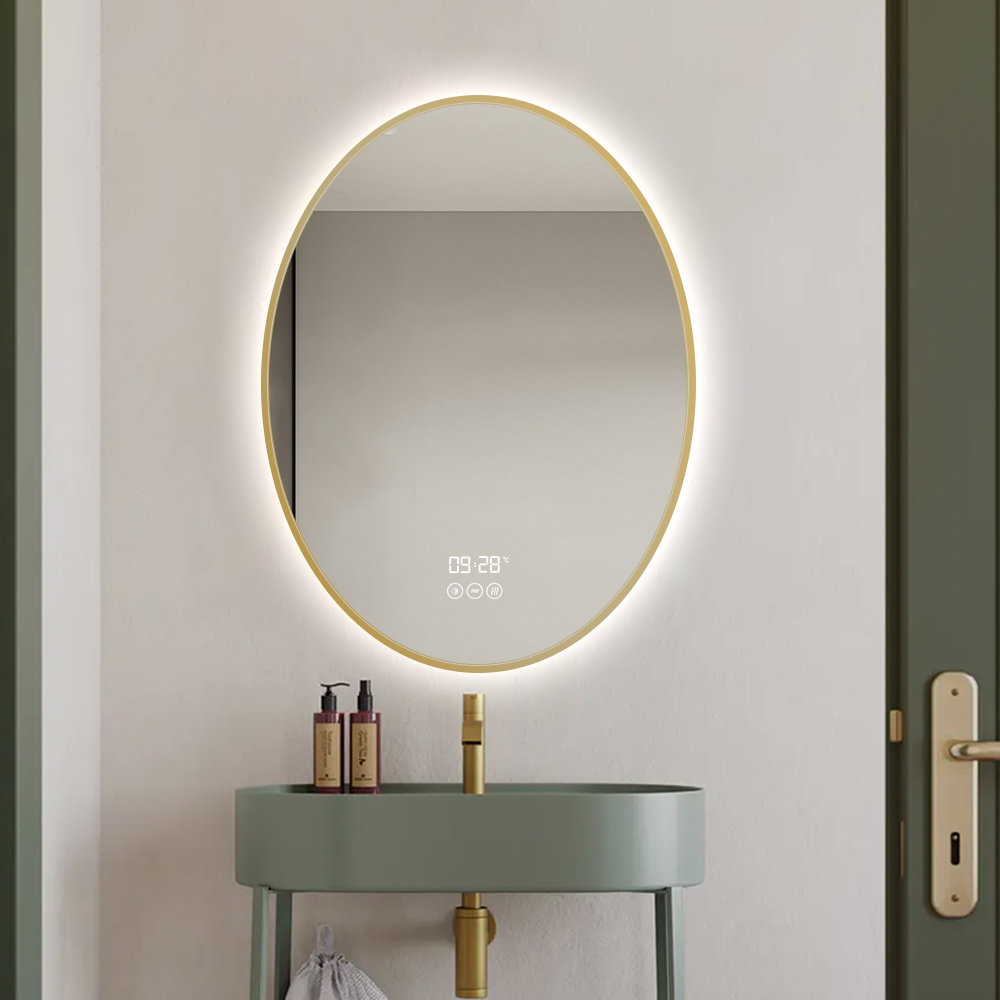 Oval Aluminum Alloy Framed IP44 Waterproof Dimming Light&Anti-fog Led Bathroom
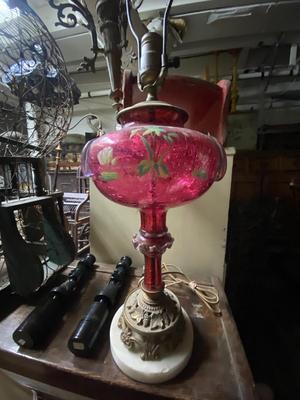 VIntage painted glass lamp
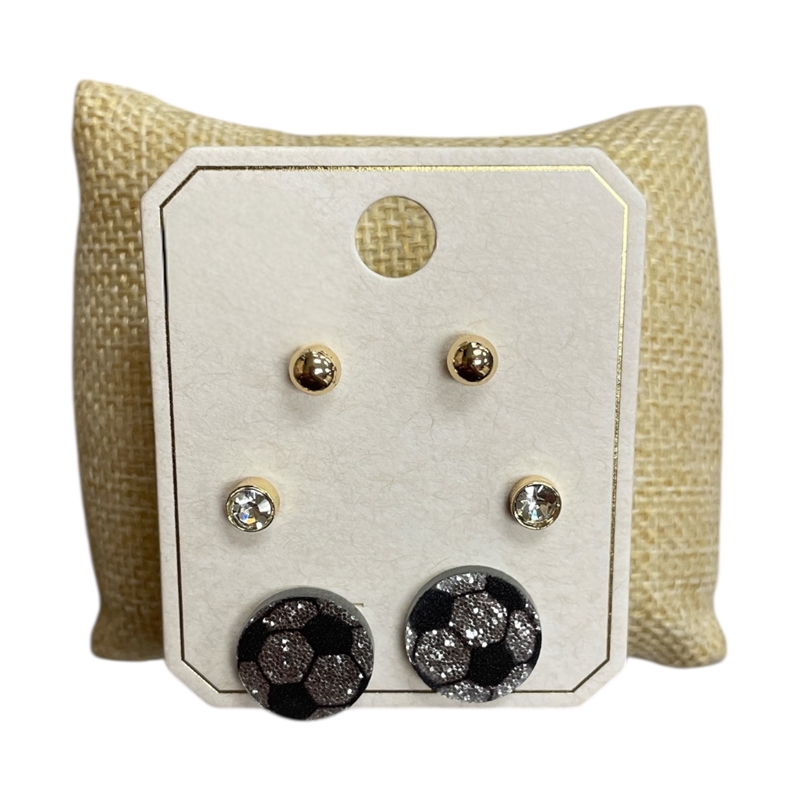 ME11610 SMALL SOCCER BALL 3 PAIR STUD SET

* * *

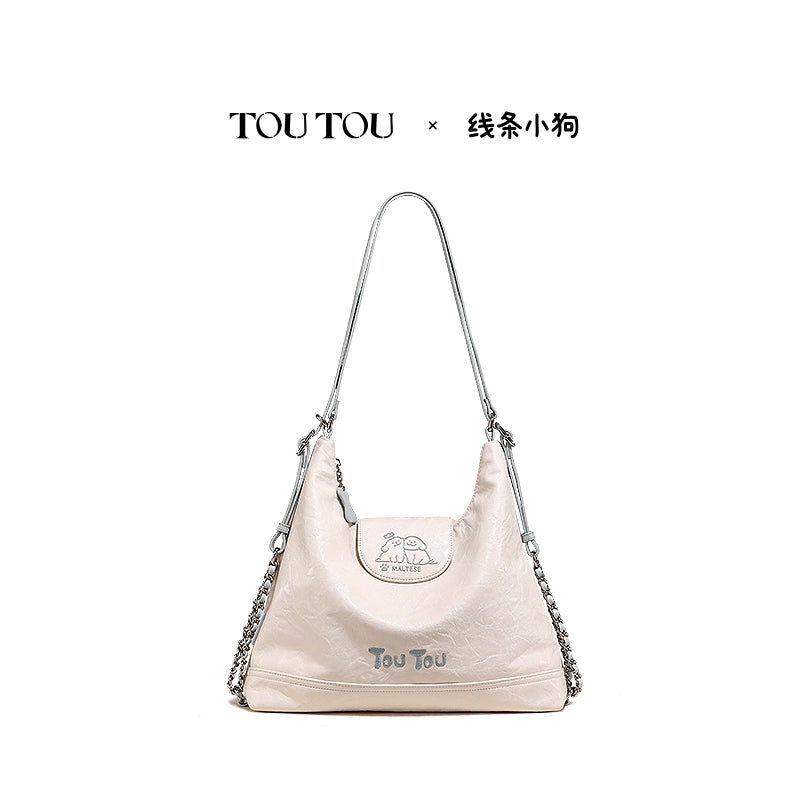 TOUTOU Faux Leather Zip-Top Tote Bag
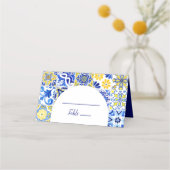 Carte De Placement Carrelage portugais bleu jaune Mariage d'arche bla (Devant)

> [WORK TO BE COMPLETED]:
Within the listing above, the lines starting at the one containing "Oval Aluminum Alloy" and ending at the one containing "ME11610 SMALL SOCCER BALL 3 PAIR STUD SET" are to be returned exactly. Omit the pictures.

> [SOLUTION BELOW]:
 Oval Aluminum Alloy Framed IP44 Waterproof Dimming Light&Anti-fog Led Bathroom
 VIntage painted glass lamp
 ME11610 SMALL SOCCER BALL 3 PAIR STUD SET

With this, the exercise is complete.